_Task item_:
Please print the entries below exactly, from the line with "B&Beach Cagliari Guest House Chambre photo" through the line with "713 S LAKE AVENUE, Delray Beach, FL 33483", including both of those lines and leaving out all others.

_Data records_:
╭──

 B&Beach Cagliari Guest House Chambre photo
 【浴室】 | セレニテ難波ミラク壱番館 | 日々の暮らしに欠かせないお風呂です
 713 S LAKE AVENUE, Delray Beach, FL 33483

╰──
╭──

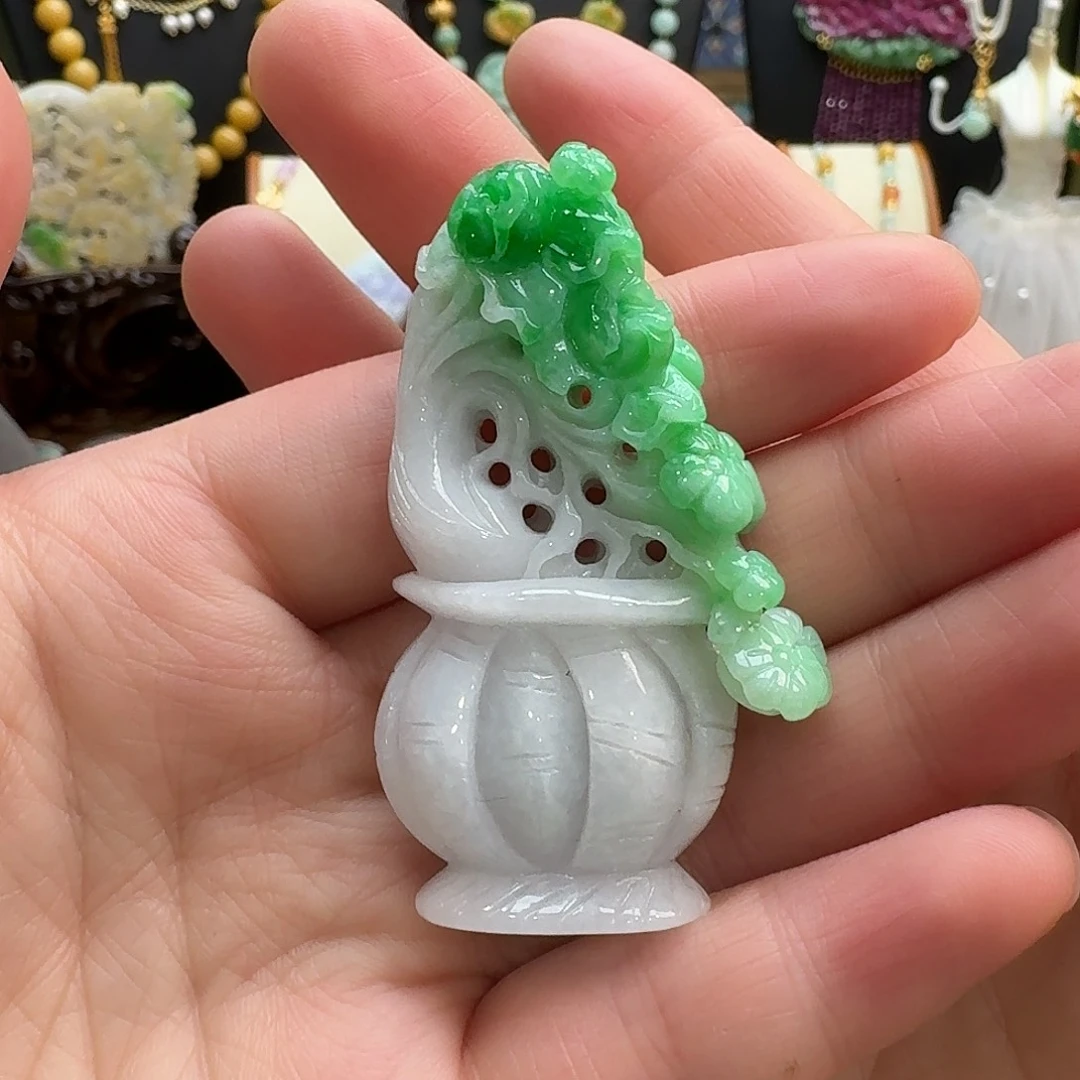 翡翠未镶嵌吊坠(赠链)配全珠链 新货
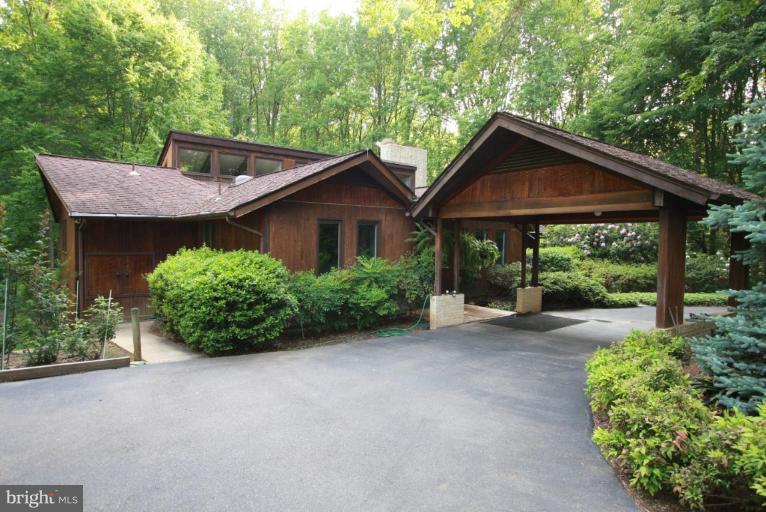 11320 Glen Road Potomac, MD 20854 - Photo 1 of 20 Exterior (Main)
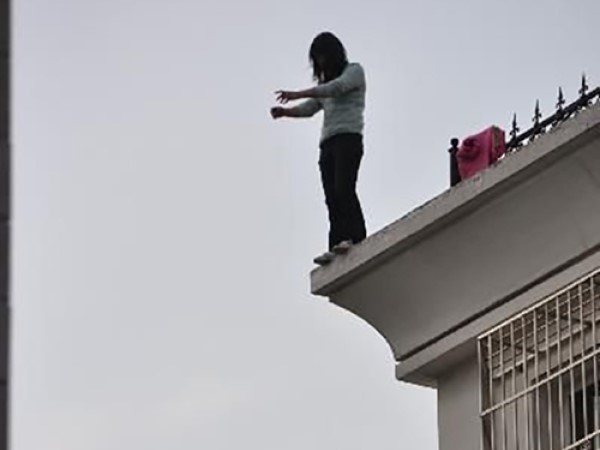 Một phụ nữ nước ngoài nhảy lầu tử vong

╰──

_Task result_:
 B&Beach Cagliari Guest House Chambre photo
 【浴室】 | セレニテ難波ミラク壱番館 | 日々の暮らしに欠かせないお風呂です
 713 S LAKE AVENUE, Delray Beach, FL 33483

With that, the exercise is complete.